→ WHAT YOU WILL DO: Go through the following data and transcribe exactly the stretch of lines from the one holding "Brighton Black Croc-Embossed" to the one holding "Air Jordan 1", both included.

→ Stored entries:
____________
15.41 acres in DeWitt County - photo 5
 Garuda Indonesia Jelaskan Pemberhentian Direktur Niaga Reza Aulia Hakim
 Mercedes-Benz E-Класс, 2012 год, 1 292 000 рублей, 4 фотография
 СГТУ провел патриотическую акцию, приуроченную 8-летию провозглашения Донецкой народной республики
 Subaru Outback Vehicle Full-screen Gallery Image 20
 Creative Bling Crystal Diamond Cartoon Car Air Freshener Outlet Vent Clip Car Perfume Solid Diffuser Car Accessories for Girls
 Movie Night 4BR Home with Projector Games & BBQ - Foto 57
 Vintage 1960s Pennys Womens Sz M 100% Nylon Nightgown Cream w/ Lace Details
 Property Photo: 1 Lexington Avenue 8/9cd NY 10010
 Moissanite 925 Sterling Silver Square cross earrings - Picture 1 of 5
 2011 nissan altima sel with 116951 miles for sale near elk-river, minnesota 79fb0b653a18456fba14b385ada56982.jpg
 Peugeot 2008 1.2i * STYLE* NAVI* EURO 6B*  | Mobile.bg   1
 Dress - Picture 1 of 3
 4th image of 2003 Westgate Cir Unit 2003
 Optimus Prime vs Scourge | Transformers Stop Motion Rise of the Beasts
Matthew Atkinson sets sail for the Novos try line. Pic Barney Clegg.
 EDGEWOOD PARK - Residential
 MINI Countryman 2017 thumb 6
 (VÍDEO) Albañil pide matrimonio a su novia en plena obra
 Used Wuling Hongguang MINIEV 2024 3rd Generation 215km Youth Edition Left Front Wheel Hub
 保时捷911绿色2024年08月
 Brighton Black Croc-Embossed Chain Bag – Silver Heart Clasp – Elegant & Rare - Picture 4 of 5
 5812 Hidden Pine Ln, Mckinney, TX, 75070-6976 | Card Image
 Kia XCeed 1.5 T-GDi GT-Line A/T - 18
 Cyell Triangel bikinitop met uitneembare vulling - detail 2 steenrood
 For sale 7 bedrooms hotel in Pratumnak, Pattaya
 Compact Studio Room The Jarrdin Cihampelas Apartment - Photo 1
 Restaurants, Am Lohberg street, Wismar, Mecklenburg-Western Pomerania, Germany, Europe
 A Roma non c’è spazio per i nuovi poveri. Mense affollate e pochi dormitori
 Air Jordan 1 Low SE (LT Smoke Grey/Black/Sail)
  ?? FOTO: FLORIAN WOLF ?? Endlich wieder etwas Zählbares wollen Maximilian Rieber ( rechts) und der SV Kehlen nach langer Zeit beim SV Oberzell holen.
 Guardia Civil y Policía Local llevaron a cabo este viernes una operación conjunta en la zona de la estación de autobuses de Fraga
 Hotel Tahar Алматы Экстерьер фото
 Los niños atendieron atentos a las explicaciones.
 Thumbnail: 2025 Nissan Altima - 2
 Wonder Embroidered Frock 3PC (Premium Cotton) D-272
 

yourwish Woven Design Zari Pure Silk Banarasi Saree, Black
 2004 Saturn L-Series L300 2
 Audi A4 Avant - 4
____________
→ RESULT OF THE EXERCISE:
 Brighton Black Croc-Embossed Chain Bag – Silver Heart Clasp – Elegant & Rare - Picture 4 of 5
 5812 Hidden Pine Ln, Mckinney, TX, 75070-6976 | Card Image
 Kia XCeed 1.5 T-GDi GT-Line A/T - 18
 Cyell Triangel bikinitop met uitneembare vulling - detail 2 steenrood
 For sale 7 bedrooms hotel in Pratumnak, Pattaya
 Compact Studio Room The Jarrdin Cihampelas Apartment - Photo 1
 Restaurants, Am Lohberg street, Wismar, Mecklenburg-Western Pomerania, Germany, Europe
 A Roma non c’è spazio per i nuovi poveri. Mense affollate e pochi dormitori
 Air Jordan 1 Low SE (LT Smoke Grey/Black/Sail)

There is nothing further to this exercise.